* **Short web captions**
--
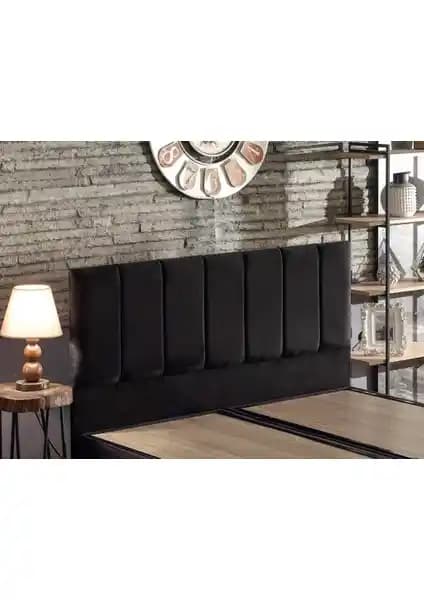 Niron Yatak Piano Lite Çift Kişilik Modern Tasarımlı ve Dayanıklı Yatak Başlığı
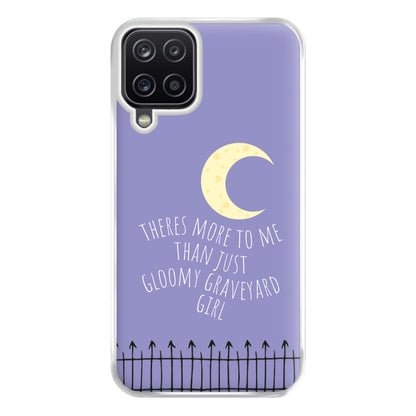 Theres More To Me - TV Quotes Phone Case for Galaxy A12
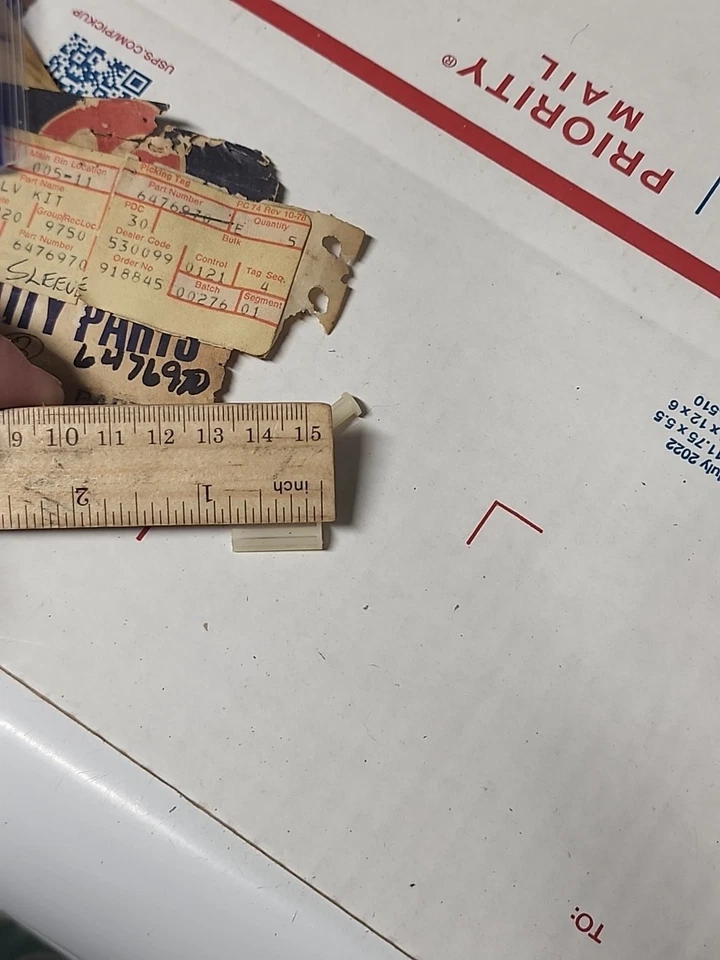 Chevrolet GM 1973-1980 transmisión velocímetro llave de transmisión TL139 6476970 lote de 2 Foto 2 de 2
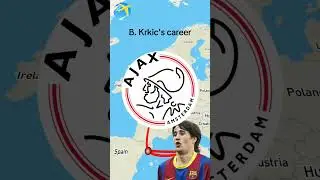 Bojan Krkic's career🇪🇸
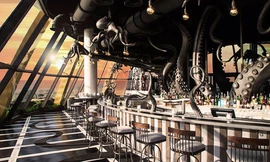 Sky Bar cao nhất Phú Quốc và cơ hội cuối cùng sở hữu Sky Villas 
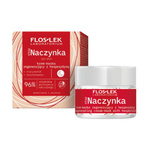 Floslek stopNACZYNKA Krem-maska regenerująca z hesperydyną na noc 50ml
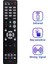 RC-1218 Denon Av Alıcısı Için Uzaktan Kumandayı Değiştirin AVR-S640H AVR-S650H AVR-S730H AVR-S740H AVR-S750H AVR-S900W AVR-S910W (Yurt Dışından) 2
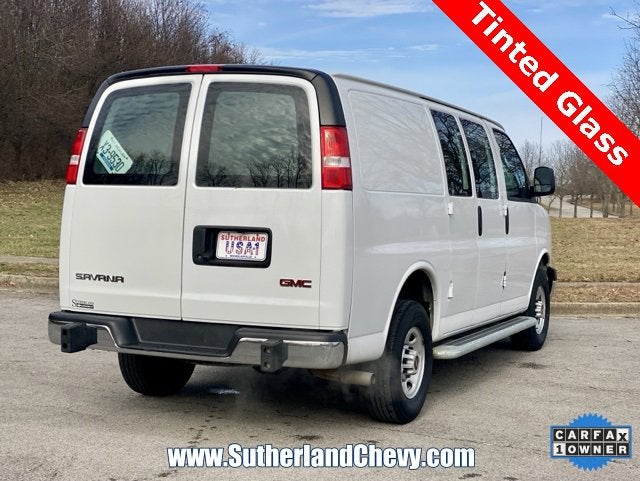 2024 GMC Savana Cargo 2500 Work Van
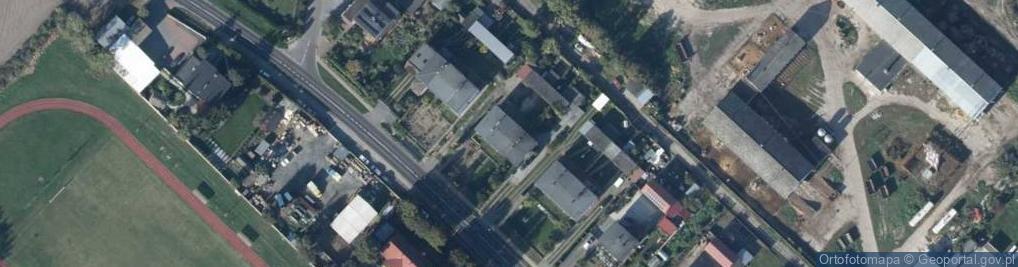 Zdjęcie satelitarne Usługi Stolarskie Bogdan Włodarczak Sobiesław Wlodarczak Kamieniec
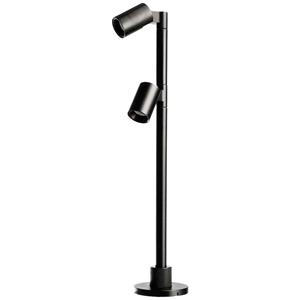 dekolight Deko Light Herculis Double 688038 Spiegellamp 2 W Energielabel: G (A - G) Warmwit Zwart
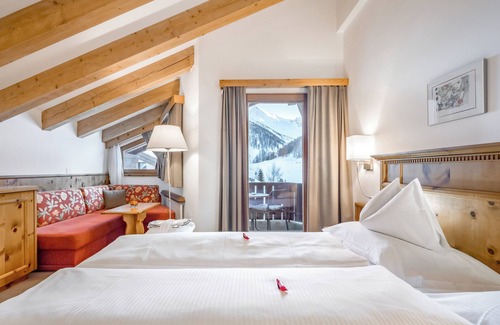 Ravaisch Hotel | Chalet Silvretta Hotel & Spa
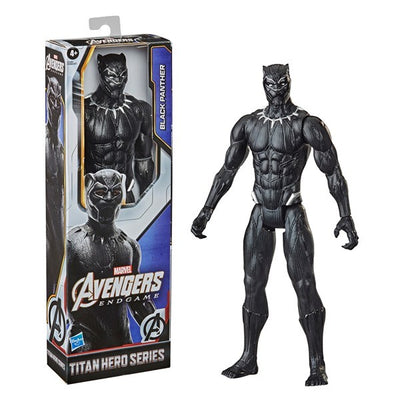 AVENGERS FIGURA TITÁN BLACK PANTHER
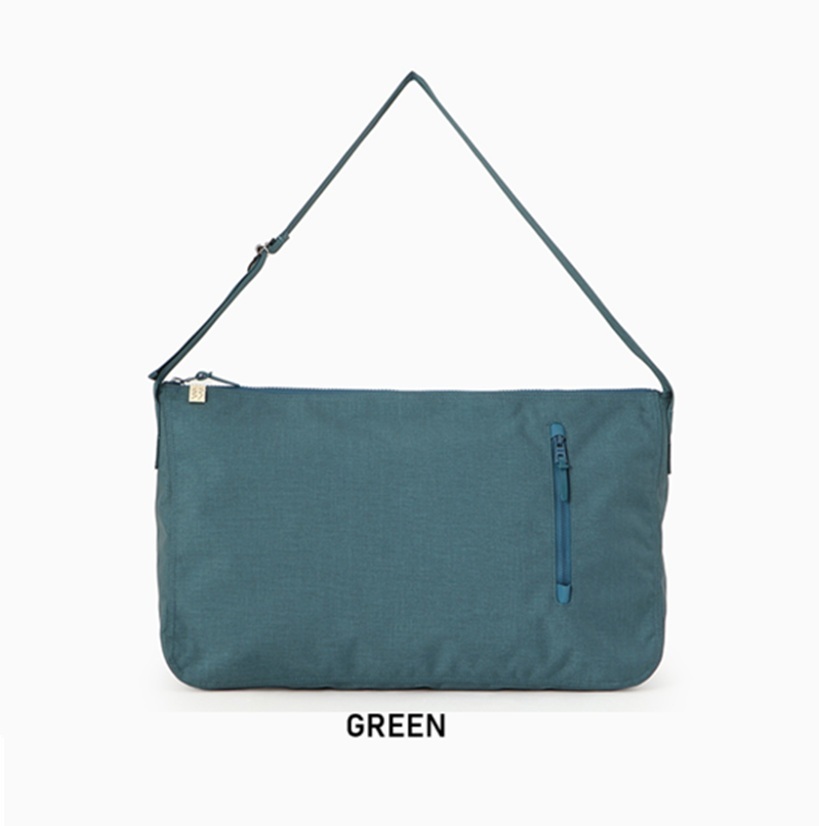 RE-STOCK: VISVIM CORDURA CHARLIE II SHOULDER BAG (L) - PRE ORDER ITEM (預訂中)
--
* **What you will do**
Please give an exact copy of the lines from the line containing "Theres More To" through the end of the records above, pictures excluded.

* **Answer box**
 Theres More To Me - TV Quotes Phone Case for Galaxy A12
 Chevrolet GM 1973-1980 transmisión velocímetro llave de transmisión TL139 6476970 lote de 2 Foto 2 de 2
 Bojan Krkic's career🇪🇸
 Sky Bar cao nhất Phú Quốc và cơ hội cuối cùng sở hữu Sky Villas 
 Floslek stopNACZYNKA Krem-maska regenerująca z hesperydyną na noc 50ml
 RC-1218 Denon Av Alıcısı Için Uzaktan Kumandayı Değiştirin AVR-S640H AVR-S650H AVR-S730H AVR-S740H AVR-S750H AVR-S900W AVR-S910W (Yurt Dışından) 2
 2024 GMC Savana Cargo 2500 Work Van
 Zdjęcie satelitarne Usługi Stolarskie Bogdan Włodarczak Sobiesław Wlodarczak Kamieniec
 dekolight Deko Light Herculis Double 688038 Spiegellamp 2 W Energielabel: G (A - G) Warmwit Zwart
 Ravaisch Hotel | Chalet Silvretta Hotel & Spa
 AVENGERS FIGURA TITÁN BLACK PANTHER
 RE-STOCK: VISVIM CORDURA CHARLIE II SHOULDER BAG (L) - PRE ORDER ITEM (預訂中)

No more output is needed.